Elan halts EDT sale, again; AD drug into Ph III

By Gareth Macdonald

- Last updated on GMT

Related tags: Clinical trial

Elan puts plans to sell EDT delivery division on hold because market is not “conducive to an appropriate valuation.”

The announcement, unveiled along with a debt restructuring drive, marks the second time​ the Irish drugmaker has shelved plans to separate the unit from its core BioNeurology business in the last two years.

As it did on the previous occasion Elan cited unfavourable market conditions as the key factor in its decision but hinted that it may resurrect the sale in due course, reiterating that a divestiture would fit with the conclusions of a 2008 strategic review.

Spokesman Bob Purcell declined to say whether Elan had received any bids for EDT prior to its latest decision, but did tell in-pharmatechnologist the unit’s “revenue mix is shifting to recently approved drugs, such as Ampyra and Invega sustenna​.”

This point is significant as H1 figures​ released in July showed sales of some of EDT's more established royalty and manufacturing revenue generating products are starting to fall as a result of generic competition.

For example, for the six months ended June 30, the revenue contribution from Abbott Laboratories’ Tricor, which uses EDT’s nanocrystal tech, dropped 29 per cent to $56m (€43m) while that from King Pharmaceuticals’ Skelaxin fell from $10.3m to just $400,000.

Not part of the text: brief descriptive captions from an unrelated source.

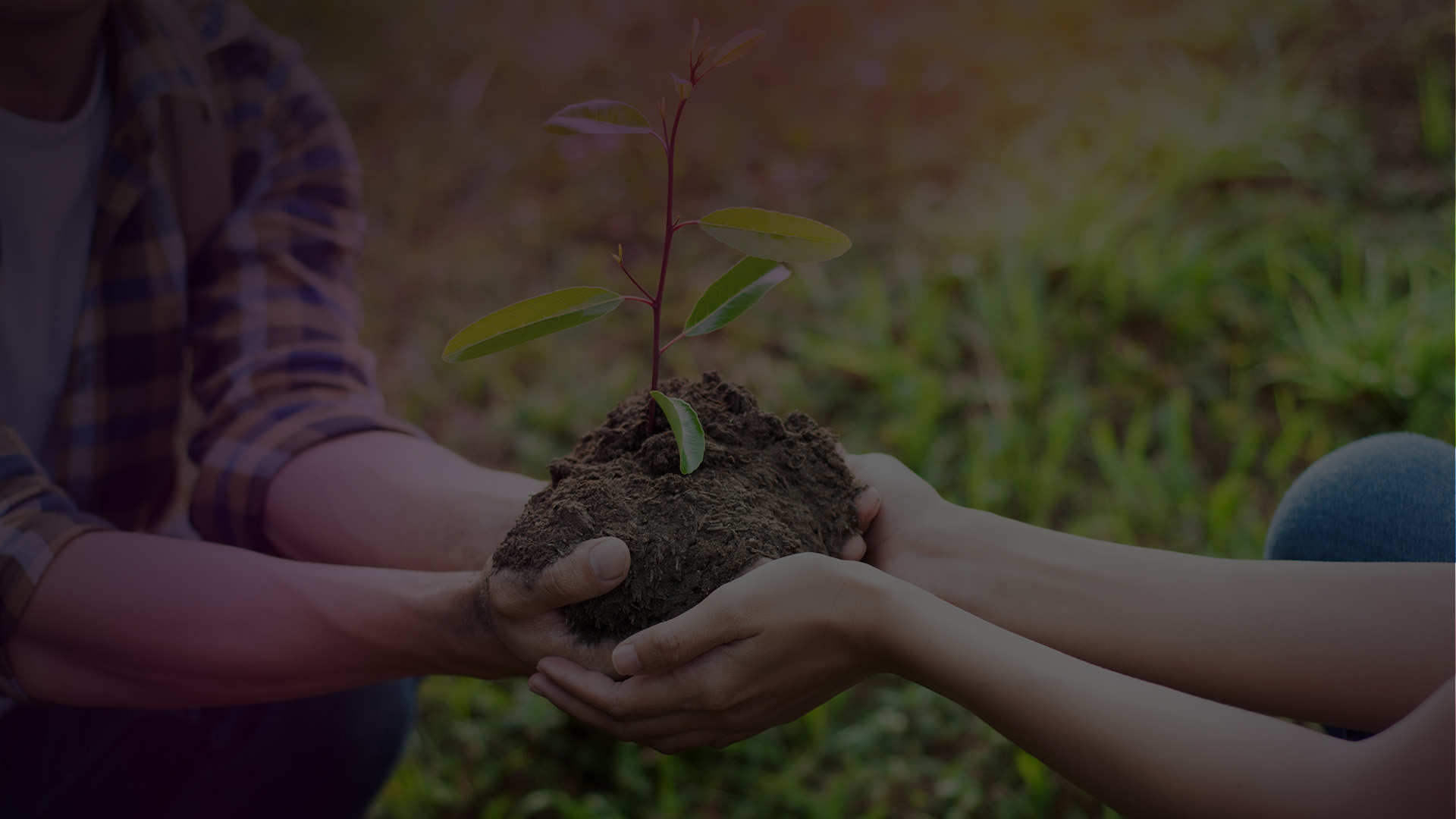 WEBINAR – From Campaigns to Fundraising: 6 Steps to Build Lasting Donor Loyalty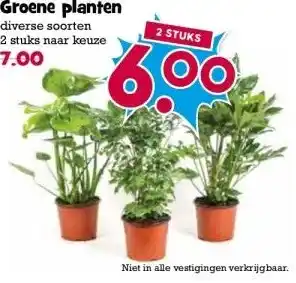Boon`s Markt Groene planten aanbieding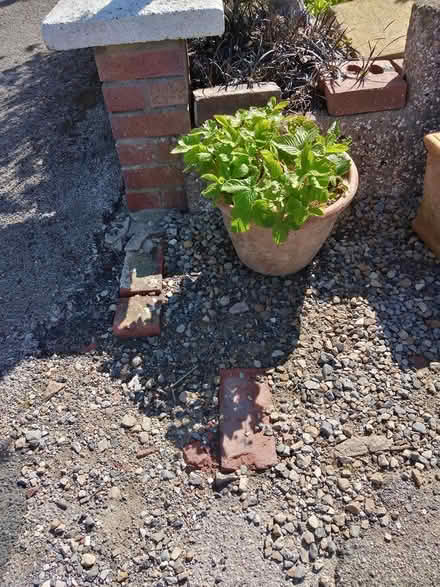 Photo of free Terracotta pot wild strawberries (Lancaster Vale LA1) #1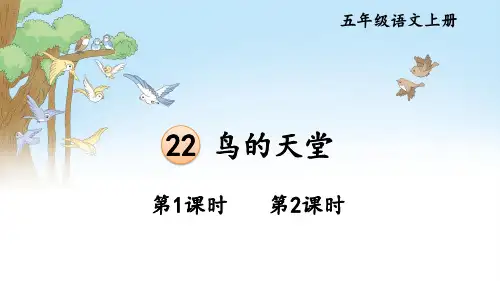 五年级语文上册课件《鸟的天堂》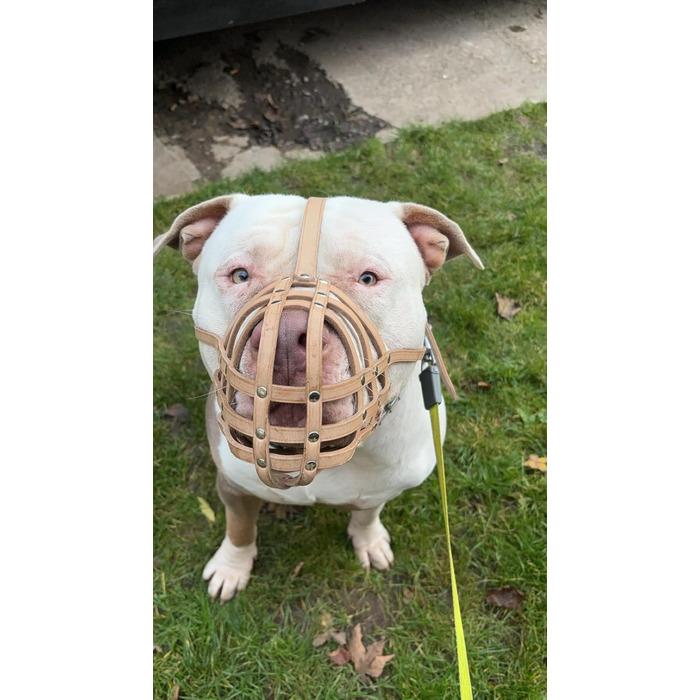 Намордник з натуральної шкіри для American Bully, Bully XL та схожих порід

Speaking in July when these results were announced, Ian Hunter from Goodbody Stockbrokers told Reuters​ that: "If [Elan] are still looking at spinning [EDT] off, there may be a potential reduction in its valuation if revenues are going to continue coming off​."

So, given that it cited valuation as the key to its latest decision, if Elan does plan to sell EDT in the future it will surely be hoping the delivery technology unit is able to sign new licensing deals to help maintain its value until the market is more conducive to a divestiture.

AD drug into phase III

In other news, Elan announced that, despite not meeting Phase II endpoints, its candidate Alzheimer’s disease drug, scyllo-inositol, was moving into Phase III assessment.

The compound is being developed by Elan’s BioNeurology unit in collaboration with partner Transition Therapeutics and is the most advanced of the five AD treatments in the Irish drugmaker’s pipeline.

Elan said that, while it did not achieve cognitive (NTB) and functional (ADCS-ADL) endpoints at Phase II, the drug was being taken to Phase III based on positive biomarker data and after discussions with experts in the field.

Last year Elan stopped two high-dose arms of the Phase II study after a number of serious adverse events, including several deaths.

However, subsequent analysis showed that: “no causal relationship between the drug and the deaths could be determined​.”